Even so, McKenna shifted to put himself between the mercenaries’ guns and his son.
Traeger stopped a dozen feet away and regarded them impassively. “Where is it?”
“Where’s what?” McKenna replied.
“The device,” Traeger said. He mimed placing something on his arm, as if he was wearing the same type of wrist gauntlet the Predators wore. “It goes right in here.”
McKenna knew instantly what he meant, remembered the thing in Rory’s hand—what the original Predator had come for, and what the Upgrade had killed him for.
“That… thing has it.”
One of Traeger’s men—not a soldier, but an aide of some kind—gave them a look of disdain.
“I see,” the aide said. “Well, if that’s your position, I think it’s time for some robust discussion.”
As the helicopter’s rotors finally stopped spinning, throwing an eerie silence over the farmland, armed mercenaries hustled forward and grabbed McKenna and Nebraska. Rory started to argue, but McKenna quieted him with a look. The mercs started marching McKenna and Nebraska toward the barn across the field. In the dark, Casey and Rory were accompanied by Traeger and his aide. No guns were aimed at the scientist and the boy, but they were no less prisoners, and in no less danger.
* * *
McKenna had his face in the dirt. He didn’t like the taste. His thoughts were all static fuzz, like a TV screen when the cable connection went out. His face throbbed where boots had kicked him, and his ribs ached. He tried to get his knees under him and another boot kicked him. He grunted and went down on his face again. Thoughts of Rory filled his head.

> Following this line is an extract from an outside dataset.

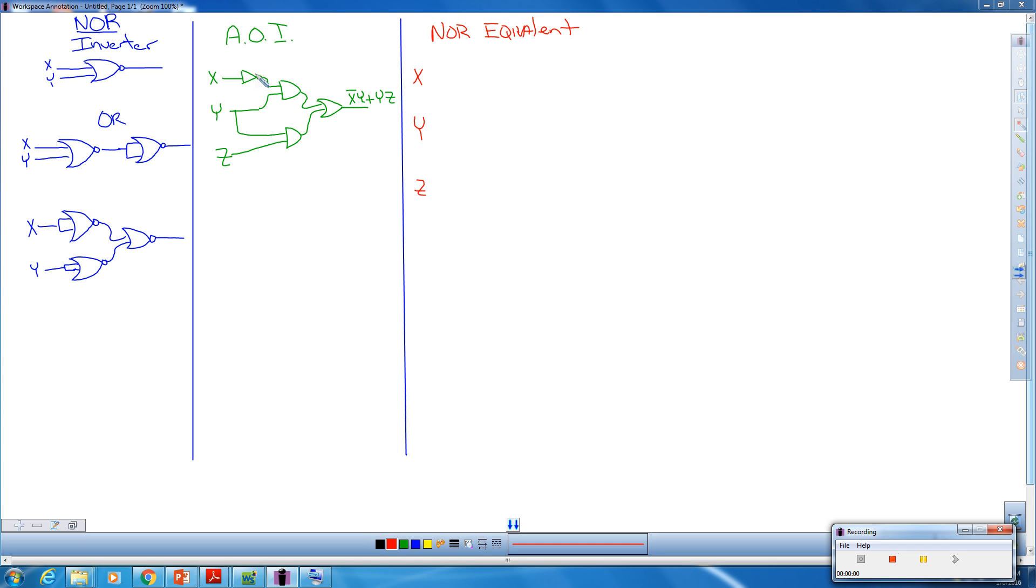In this example, we're going to take an AOI circuit and convert it to its NOR equivalent.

He pictured the kid drawing in the dirt… then sliding in the dirt to get to first base… and somehow that led his mind to an image of the Loonies saluting him.
An image flickered in his head—the men he’d lost in the jungle, the smell of their blood, the Predator uncloaking, soaked in gore. He should have killed the bastard at the time, but it was dead now, wasn’t it? Muddy as his thoughts were, he knew that. The giant one, the Upgrade, had hung that son of a bitch like a side of meat. He wondered how many more there were, how many on their home planet. How many on his home planet?
“You hid it once,” a voice said.
McKenna glanced up at the two mercs who loomed over him. They had him in some kind of holding pen beside the barn. One of them kicked him again.
“In the mail,” the mercenary reminded him. “Where’d you hide it this time?”
With the next kick, McKenna coughed up blood.